In de aanloop naar de Provinciale Statenverkiezingen op 15 maart 2023, zet EnergiePodium tijdens een korte serie enkele provincies in de schijnwerpers. Centraal staat de energietransitie. Wat gaat goed, wat kan beter? Energiegedeputeerde Jo-Annes de Bat roemt het Zeeuws Energie Akkoord (ZEA) en pleit ervoor om de focus te verschuiven van het maken van nieuwe plannen naar de uitvoering.
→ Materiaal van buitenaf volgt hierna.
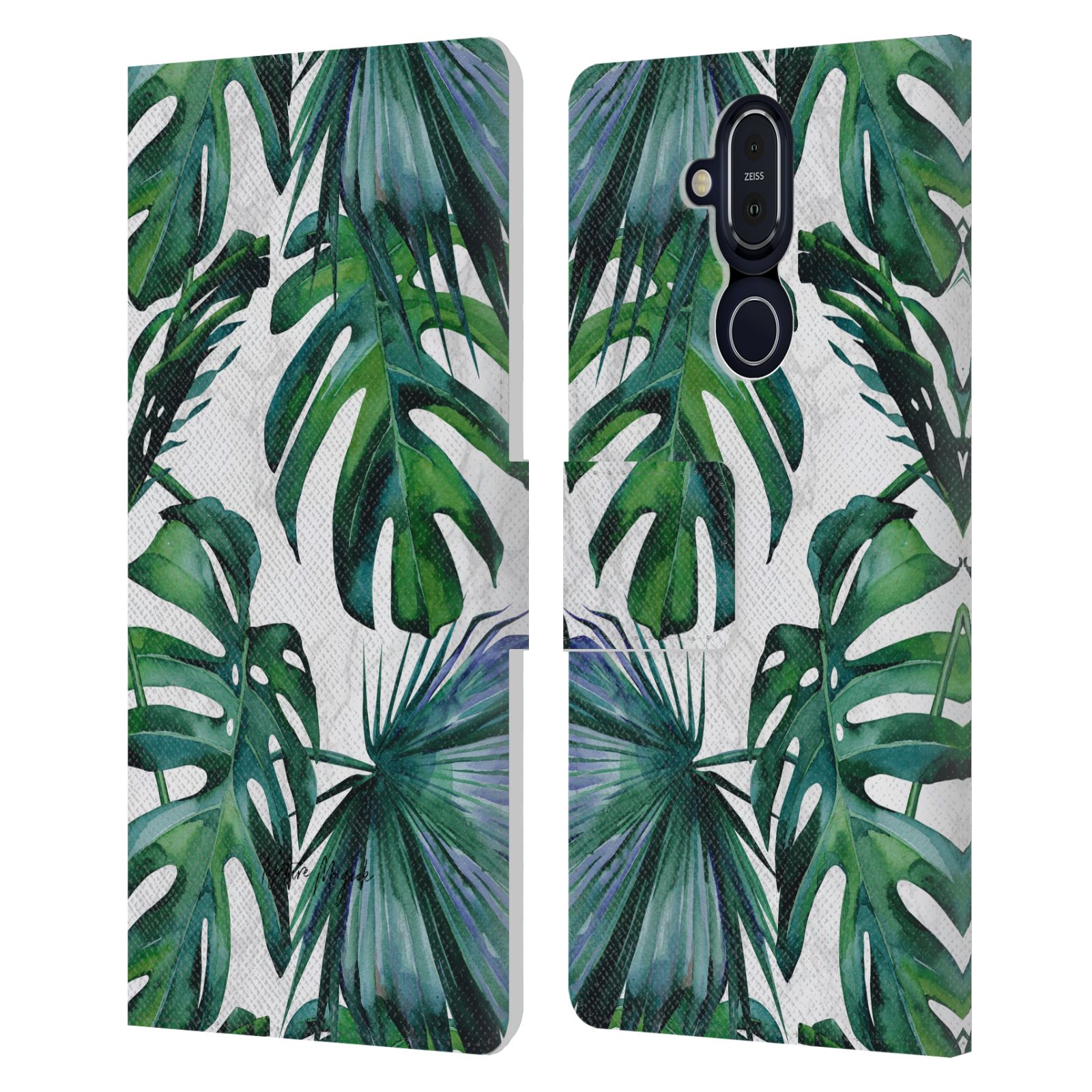 NATURE MAGICK PALM LEAVES ON MARBLE LEATHER BOOK CASE FOR MICROSOFT NOKIA PHONES - Picture 9 of 12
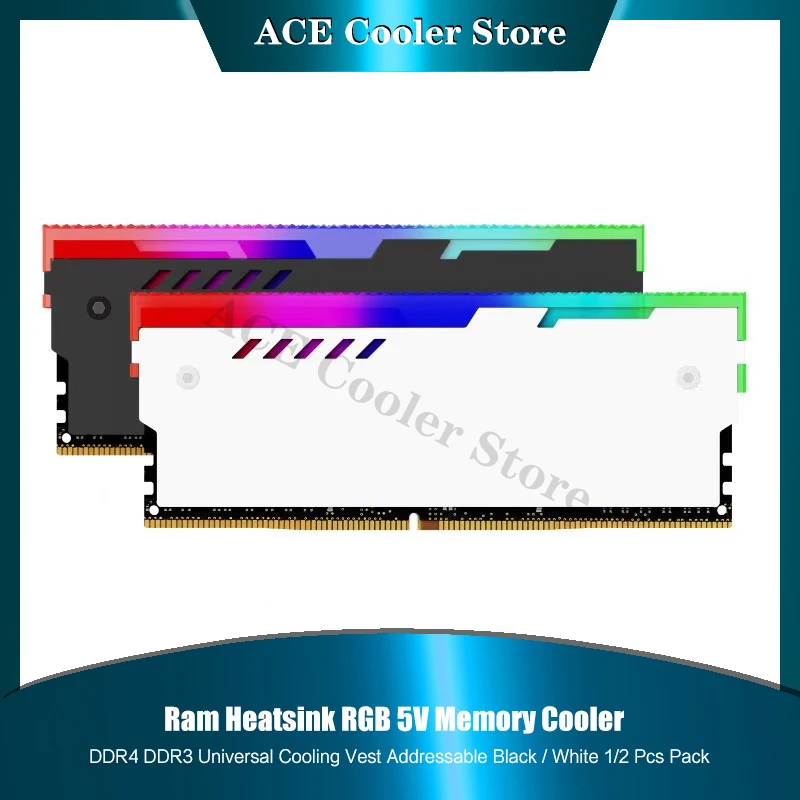 PC Deskstop Ram Armor RGB 5V DDR4 DDR3 Disipador de calor Chaleco de memoria ARGB 5V AURA direccionable, negro blanco, paquete de 2 piezas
Wat ligt er meer voor de hand dan dit artikel over de energietransitie in Zeeland te beginnen met de Watersnoodramp? Eind januari/begin februari was het zeventig jaar geleden dat het zuidwesten van Nederland werd getroffen door de fatale stormvloed, een trieste mijlpaal waar op veel plaatsen en momenten uitvoerig bij werd stilgestaan. De Watersnoodramp kostte ruim 1.800 mensen het leven en leidde uiteindelijk tot het Deltaplan. Ondanks een sterk verbeterde kustverdediging met hogere dijken en zware stormvloedkeringen, lijken de fameuze Deltawerken die daaruit voortvloeiden bijna zeventig jaar later alweer achterhaald. Door de opwarming van de aarde stijgt immers de zeespiegel, een verontrustende ontwikkeling die het best kan worden afgeremd door fossiele energie te vervangen door duurzame, hernieuwbare energie.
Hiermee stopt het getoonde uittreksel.